This podcast episode marks the launch of a four-week series reflecting on Dr. William Li’s New York Times bestseller, Eat To Beat Disease: The New Science of How Your Body Can Heal Itself and his online course of the same name. This series springboards from our interview with Dr. Li, which was episode #3. During that interview, Tia Walden and Corinna Bellizzi each had a few mind-blown moments, and we knew that our journey of discovery with Dr. Li was just beginning. We learned that Dr. Li hosts free masterclasses each few months on the topics covered in his book -- to help people continue on their health journeys -- to fall in love with the food that’s great for them, and that can help them live their longest, fullest lives.

It's on the heels of reading Dr. Li’s book, interviewing him, and reviewing a ton of his content online that I made the decision to take the leap and ingrain this learning even further by joining his online course. So… over the course of the next 4 weeks, I’ll share the surprises and insights that I’m taking away from this course, and I’ll provide links to relevant discussion points with the show notes for each episode.

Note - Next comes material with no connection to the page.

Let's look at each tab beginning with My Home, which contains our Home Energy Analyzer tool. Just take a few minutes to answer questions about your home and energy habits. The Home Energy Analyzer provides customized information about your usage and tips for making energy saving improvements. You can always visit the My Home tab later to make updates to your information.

If you are new to this show, and haven’t heard Dr. Li’s guest appearance on Nutrition Without Compromise, I encourage you to go back to episode 3, give that show a listen, and come right back here to this series.

Throughout this 4 week course, Dr. Li covers the five groundbreaking health defense systems of the body that he identified in Eat To Beat Disease. He talks about the foods that activate your health defense systems, sharing research from studies -- on human populations. This is important because while animal studies might be great for identifying toxic substances, and LD-50 levels –  that’s the dosage at which 50% of mice die in laboratory experiments – it isn’t best for identifying how your body, a human body, will respond to dietary choices and physical activities and habits.

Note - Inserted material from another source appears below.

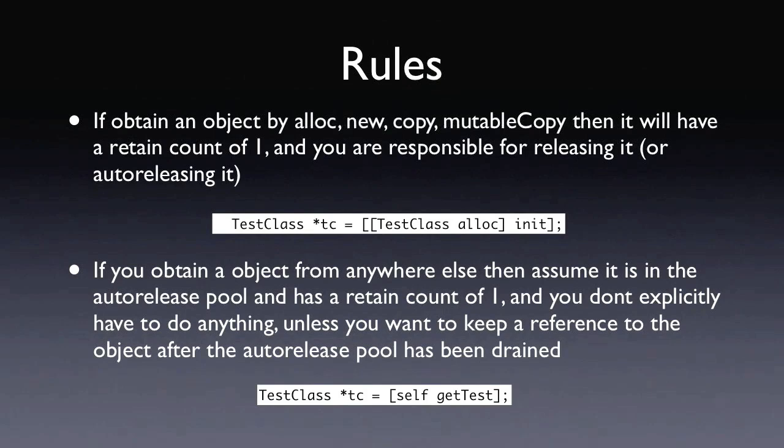And if you get an object from any other means, assume it's in the auto-release pool and it has at least a reference count of 1. So if you don't want to use this object after the end of the method, you don't need to do anything. You don't need to call release, retain, auto-release anything. You can just leave it and it will be auto-released at some point in the future.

So… Let’s get into week 1! – part 1 of this 4 podcast series on Dr. William Li’s Eat To Beat Disease Course.

A bowl full of mixed veggies, chopped for a salad or for the grill.

Week one serves as an introduction to much of the content of Dr. Li’s book. While it’s not necessary to have and read his book to benefit from the class, I encourage you to pick up a copy and give it a read. Since it is a New York Times Bestseller, your library may have a few copies on hand, even in audiobook format. I encourage you to check, and even consider buying a copy of his book.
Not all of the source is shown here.